No front doméstico, as tensões persistem mesmo com sinais de normalização econômica. A incerteza sobre futuras nomeações pode manter áreas-chave sem substitutos, elevando a margem de decisão direta de Xi em várias pastas do governo.
Caso Hong Kong
O magnata da mídia Jimmy Lai foi condenado a 20 anos de prisão. A sentença, vinculada a acusações de conspiração com forças estrangeiras e divulgação de material sedicioso, é vista por críticos como marco da repressão a liberdades na região.

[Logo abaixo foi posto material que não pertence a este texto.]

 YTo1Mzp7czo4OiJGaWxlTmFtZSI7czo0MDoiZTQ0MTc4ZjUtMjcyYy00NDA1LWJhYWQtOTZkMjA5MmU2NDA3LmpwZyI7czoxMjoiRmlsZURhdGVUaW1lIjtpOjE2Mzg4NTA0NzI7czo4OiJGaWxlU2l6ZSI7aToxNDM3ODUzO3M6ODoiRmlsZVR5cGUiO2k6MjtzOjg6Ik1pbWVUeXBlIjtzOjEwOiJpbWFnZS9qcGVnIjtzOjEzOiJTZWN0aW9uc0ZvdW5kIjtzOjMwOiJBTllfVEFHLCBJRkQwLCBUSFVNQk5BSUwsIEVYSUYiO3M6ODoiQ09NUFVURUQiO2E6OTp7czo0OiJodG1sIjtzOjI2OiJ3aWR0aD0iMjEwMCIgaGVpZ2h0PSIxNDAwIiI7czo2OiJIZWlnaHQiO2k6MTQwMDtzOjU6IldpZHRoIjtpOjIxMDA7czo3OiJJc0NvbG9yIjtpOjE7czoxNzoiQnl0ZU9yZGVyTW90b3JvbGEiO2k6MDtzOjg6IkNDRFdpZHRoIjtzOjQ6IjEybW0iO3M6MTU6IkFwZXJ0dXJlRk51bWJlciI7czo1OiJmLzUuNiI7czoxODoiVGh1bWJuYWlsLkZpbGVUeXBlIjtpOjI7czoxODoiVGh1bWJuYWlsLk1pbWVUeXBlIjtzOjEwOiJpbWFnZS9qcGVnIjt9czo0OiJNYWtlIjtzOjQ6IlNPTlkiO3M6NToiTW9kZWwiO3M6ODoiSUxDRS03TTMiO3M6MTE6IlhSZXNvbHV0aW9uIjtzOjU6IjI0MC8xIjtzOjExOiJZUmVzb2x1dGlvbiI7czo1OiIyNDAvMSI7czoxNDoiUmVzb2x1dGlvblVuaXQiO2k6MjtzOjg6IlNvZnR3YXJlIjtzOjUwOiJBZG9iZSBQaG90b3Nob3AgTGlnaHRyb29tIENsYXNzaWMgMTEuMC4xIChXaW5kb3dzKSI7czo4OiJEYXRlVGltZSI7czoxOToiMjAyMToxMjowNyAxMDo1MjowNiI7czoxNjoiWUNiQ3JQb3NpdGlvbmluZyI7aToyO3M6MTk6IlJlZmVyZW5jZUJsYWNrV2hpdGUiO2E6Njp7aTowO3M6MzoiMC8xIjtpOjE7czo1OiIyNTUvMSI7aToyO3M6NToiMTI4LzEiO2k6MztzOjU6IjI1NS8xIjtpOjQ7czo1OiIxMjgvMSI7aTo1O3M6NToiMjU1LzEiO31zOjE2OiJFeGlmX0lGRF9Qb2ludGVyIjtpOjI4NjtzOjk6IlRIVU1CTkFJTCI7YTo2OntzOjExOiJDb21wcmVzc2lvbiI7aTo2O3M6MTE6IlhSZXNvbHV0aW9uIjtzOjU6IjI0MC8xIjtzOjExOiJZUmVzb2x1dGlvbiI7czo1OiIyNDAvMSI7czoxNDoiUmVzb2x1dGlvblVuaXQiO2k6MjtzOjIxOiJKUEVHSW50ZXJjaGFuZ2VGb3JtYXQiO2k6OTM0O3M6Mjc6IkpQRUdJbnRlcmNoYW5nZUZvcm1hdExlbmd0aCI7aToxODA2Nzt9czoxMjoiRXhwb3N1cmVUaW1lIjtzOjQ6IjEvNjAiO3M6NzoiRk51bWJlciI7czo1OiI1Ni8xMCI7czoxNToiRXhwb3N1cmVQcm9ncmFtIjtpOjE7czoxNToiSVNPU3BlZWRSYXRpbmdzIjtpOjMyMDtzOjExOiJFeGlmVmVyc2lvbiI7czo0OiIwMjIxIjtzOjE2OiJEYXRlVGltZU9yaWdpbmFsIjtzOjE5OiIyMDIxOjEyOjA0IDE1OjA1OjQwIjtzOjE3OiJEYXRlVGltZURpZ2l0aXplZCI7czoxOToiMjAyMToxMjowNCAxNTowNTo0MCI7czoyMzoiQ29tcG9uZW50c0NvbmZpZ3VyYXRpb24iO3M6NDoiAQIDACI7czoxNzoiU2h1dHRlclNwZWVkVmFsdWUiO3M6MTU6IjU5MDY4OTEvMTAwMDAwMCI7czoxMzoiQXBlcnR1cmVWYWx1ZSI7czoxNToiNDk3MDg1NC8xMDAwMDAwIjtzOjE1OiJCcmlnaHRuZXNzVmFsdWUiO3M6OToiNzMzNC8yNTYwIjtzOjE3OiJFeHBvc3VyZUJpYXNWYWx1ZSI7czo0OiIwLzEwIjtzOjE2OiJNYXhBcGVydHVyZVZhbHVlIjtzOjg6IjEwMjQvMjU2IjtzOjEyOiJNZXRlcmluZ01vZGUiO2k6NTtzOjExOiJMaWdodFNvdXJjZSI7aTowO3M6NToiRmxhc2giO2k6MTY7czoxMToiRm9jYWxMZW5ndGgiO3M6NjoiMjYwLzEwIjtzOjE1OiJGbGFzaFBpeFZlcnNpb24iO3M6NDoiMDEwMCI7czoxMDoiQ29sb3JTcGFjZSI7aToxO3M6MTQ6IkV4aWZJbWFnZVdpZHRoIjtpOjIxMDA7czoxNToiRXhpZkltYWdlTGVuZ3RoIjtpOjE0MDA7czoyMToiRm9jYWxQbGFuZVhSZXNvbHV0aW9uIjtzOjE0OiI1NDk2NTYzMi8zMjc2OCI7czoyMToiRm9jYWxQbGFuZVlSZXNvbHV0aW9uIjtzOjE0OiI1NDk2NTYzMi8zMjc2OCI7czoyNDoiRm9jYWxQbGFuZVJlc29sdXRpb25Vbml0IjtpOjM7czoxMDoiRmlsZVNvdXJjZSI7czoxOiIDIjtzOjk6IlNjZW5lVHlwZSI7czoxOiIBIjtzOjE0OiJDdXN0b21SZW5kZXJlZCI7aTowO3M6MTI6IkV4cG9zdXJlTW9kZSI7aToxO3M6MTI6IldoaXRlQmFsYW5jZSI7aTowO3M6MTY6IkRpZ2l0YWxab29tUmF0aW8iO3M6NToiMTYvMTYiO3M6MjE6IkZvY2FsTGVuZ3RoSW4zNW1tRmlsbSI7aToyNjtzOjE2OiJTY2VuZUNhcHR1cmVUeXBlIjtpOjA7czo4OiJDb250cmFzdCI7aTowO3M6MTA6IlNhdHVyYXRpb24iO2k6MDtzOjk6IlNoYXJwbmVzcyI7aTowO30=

Lai, de nacionalidade britânica, é figura de oposição ao CCP. O veredicto intensifica o debate sobre o estado de direito em Hong Kong desde a implementação da lei de segurança nacional em 2020, com repercussões internacionais.
Panamá e portos
Um tribunal panamenho anulou acordos ligados à China envolvendo operações portuárias. A decisão complica o envolvimento chinês em ativos estratégicos na região, gerando impactos diplomáticos e comerciais entre Beijing e a região.
As decisões reforçam uma leitura de que o Ano Novo chinês traz desafios políticos internos, enquanto assuntos externos seguem em constante renegociação. O atual cenário aponta para uma gestão centralizada com perspectivas incertas de fortalecimento institucional.